The U.S. economy turned in its worst performance ever in the second quarter as the COVID-19 pandemic shuttered businesses across the country and consumers hunkered down at home.
The nation’s gross domestic product, the value of all goods and services produced in the U.S., contracted at a staggering seasonally adjusted annual rate of 32.9% in the April-June period, the Commerce Department said Thursday.
Economists surveyed by Bloomberg had forecast a 34.8% drop in GDP. To put the plunge in perspective, it was about three times larger than the previous largest drop in quarterly output.
"The GDP numbers are mind-boggling," says Ian Shepherdson, chief U.S. economist of Pantheon Macroeconomics.
The free-fall was driven by a historic 34.6% pullback in consumer spending as states closed down nonessential businesses such as restaurants, malls and movie theaters, and Americans avoided public gathering spots and travel out of contagion fears. But nearly every corner of the economy was battered, including business investment and stockpiling, housing and exports, though trade overall and government outlays added to growth.
The contraction followed a 5% slide in economic output in the first quarter.
But the nation’s steepest-ever recession is also expected to be the shortest, with consumer spending, job growth and other key measures bouncing back sharply in May and June as states began allowing businesses to reopen in phases and many employees were rehired.
About $2.5 trillion in federal government aid also propped up spending, including forgivable loans to small businesses that retained or brought back workers, as well as $1,200 checks to individuals and a $600 supplement to weekly state unemployment benefits.
But recent spikes in coronavirus cases across much of the South and West have led at least 20 states to pause or roll back reopening plans, dampening the anticipated recovery in the second half of the year. The number of hours worked in states such as Texas, Florida and Arizona recently has declined, according to Homebase, a supplier of employee scheduling software.
After the nation recouped about a third of the 22 million jobs lost early in the crisis in May and June, a chunk of those gains could be erased in July with millions of jobs shed, says economist Kathy Bostjancic of Oxford Economics.
Many analysts still expect the hot-spot states to resume reopening after the outbreaks are tamed in the next month or so, helping America’s economy bounce back and dodge another recession. Scott Anderson, chief economist of Bank of the West, estimates the economy will grow an annual rate of 17.3% in the third quarter and 4.9% in the fourth quarter, assuming Congress passes another $1.5 trillion to $2 trillion stimulus package.

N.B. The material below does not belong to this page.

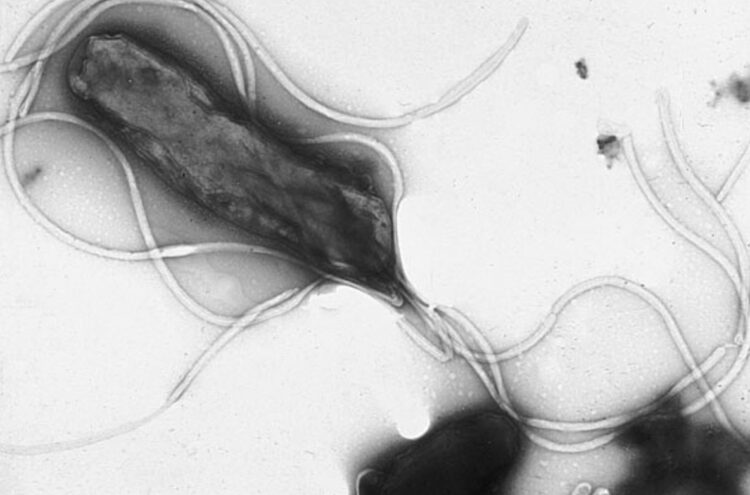 Кто такой Барри Маршалл и что он нашел в желудке. Бактерия Helicobacter pylori под микроскопом. Источник изображения: wikimedia.org. Фото.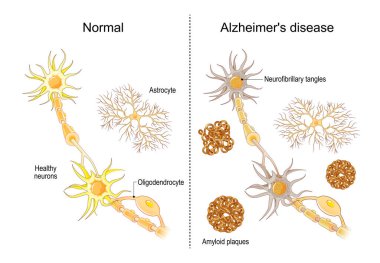 Alzheimer's disease. Comparison of neurons in a healthy brain and nerve cells in neurodegenerative disease. Dementia. Close-up of neurons with Neurofibrillary tangles and Amyloid plaques. Vector illustration clipart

With some businesses closing for good and millions of workers laid off permanently, Barclays reckons the nation’s economic output won’t return to its pre-pandemic level until early 2022. And Moody’s Analytics figures a return to pre-pandemic employment levels won’t come until 2023.

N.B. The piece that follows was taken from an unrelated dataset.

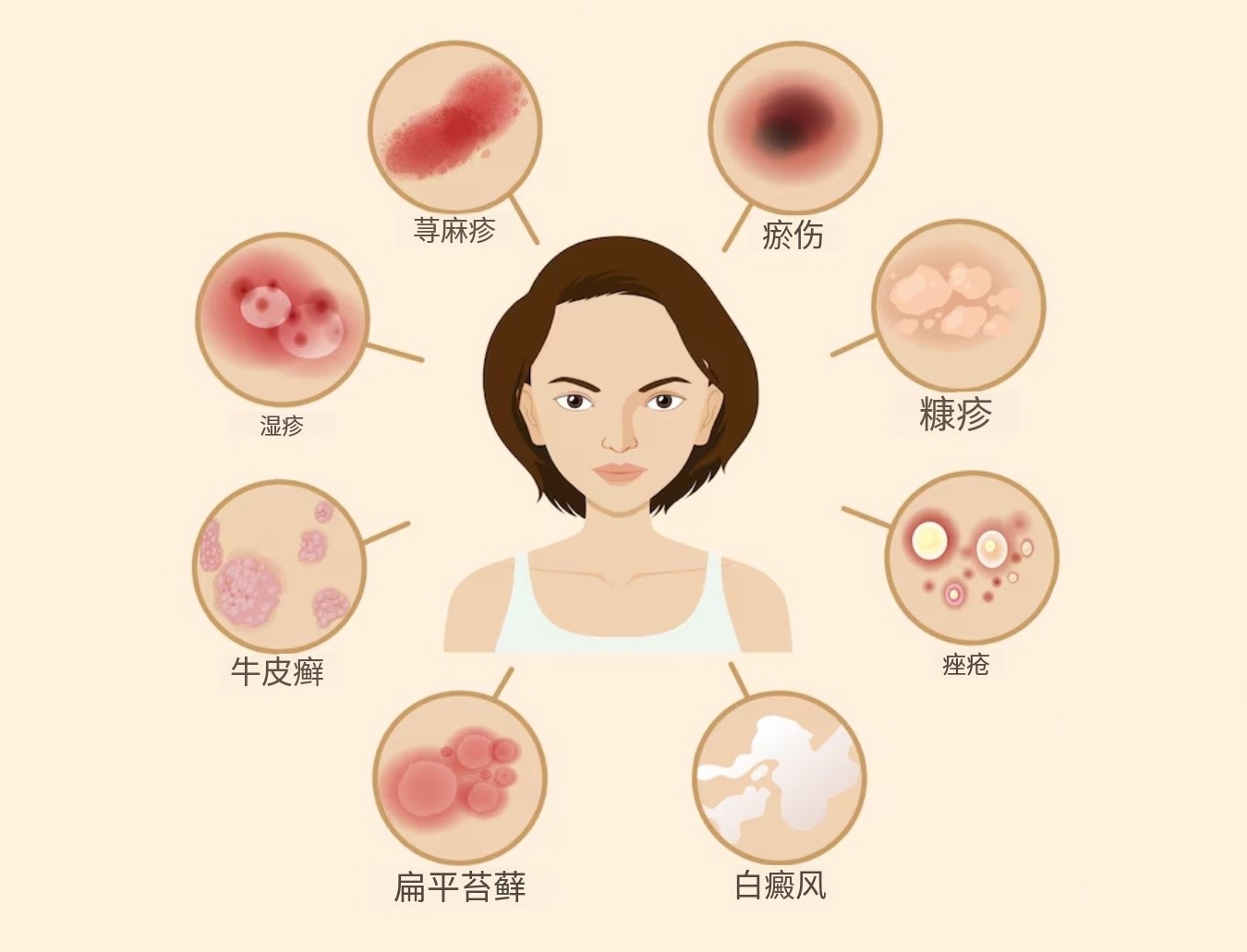 身上出现斑疹是怎么回事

Consumer spending nosedives
Consumer spending plummeted 34.6%, the largest drop on record, after sliding 6.9% in the first quarter. The state shutdowns and Americans’ contagion fears combined with massive layoffs, prompted shoppers to halt much of their discretionary outlays.
Consumption makes up about 70% of economic activity.
Business investment tanks
Business investment sank a record 27%, after a 6.7% drop in the first quarter. The culprits were business and factory closures, along with uncertainty about the outbreak's economic effects. Spending on equipment such as computers and factory equipment dropped 37.7%, while outlays on buildings, oil rigs and other structures declined 34.9%.
Companies draw down inventories
Instead of adding to their stockpiles, firms drew from existing supplies to meet sharply reduced demand, contributing nearly 4 percentage points to the drop in GDP.
Residential investment plunges
Housing construction and renovation broke a string of three straight quarterly increases, tumbling 38.7%. Despite historically low mortgage rates, the outbreak suspended construction projects and prompted homebuyers to stay on the sidelines.
Overall, though, housing is the economy's biggest bright spot, with housing starts rebounding strongly in May and June after slumping in March and April as rock-bottom mortgage rates attracted buyers.
Government spending rises
Government outlays represented the biggest positive for the economy as federal spending jumped 17.4%, bolstered partly by the stimulus measures. The increase more than offset a 5.6% drop in state and local government spending amid falling tax and other revenue and school closures.
Trade aids growth
U.S. exports fell 64.1%, hammered by stricter lockdowns overseas than in the U.S., while imports decreased 53.4% as Americans substantially cut their spending amid the shutdowns.
Since the drop in imports more than offset the decline in exports in absolute terms, the nation’s trade gap narrowed, adding slightly to economic growth.
The economy is already on the mend but faces a tortuous comeback in the face of virus flare-ups in parts of the country and the risk of a second COVID-19 wave in the fall. A more sustained rebound in consumer spending isn’t expected until a vaccine is available sometime next year and Americans are emboldened to travel and spend freely.
Even then, deep bruises will linger as a result of permanently laid-off workers who will struggle to find new positions, or retire, and businesses that will never reopen.
“We expect it will take years for that damage to be fully reversed,” says Andrew Hunter, senior U.S. economist at Capital Economics.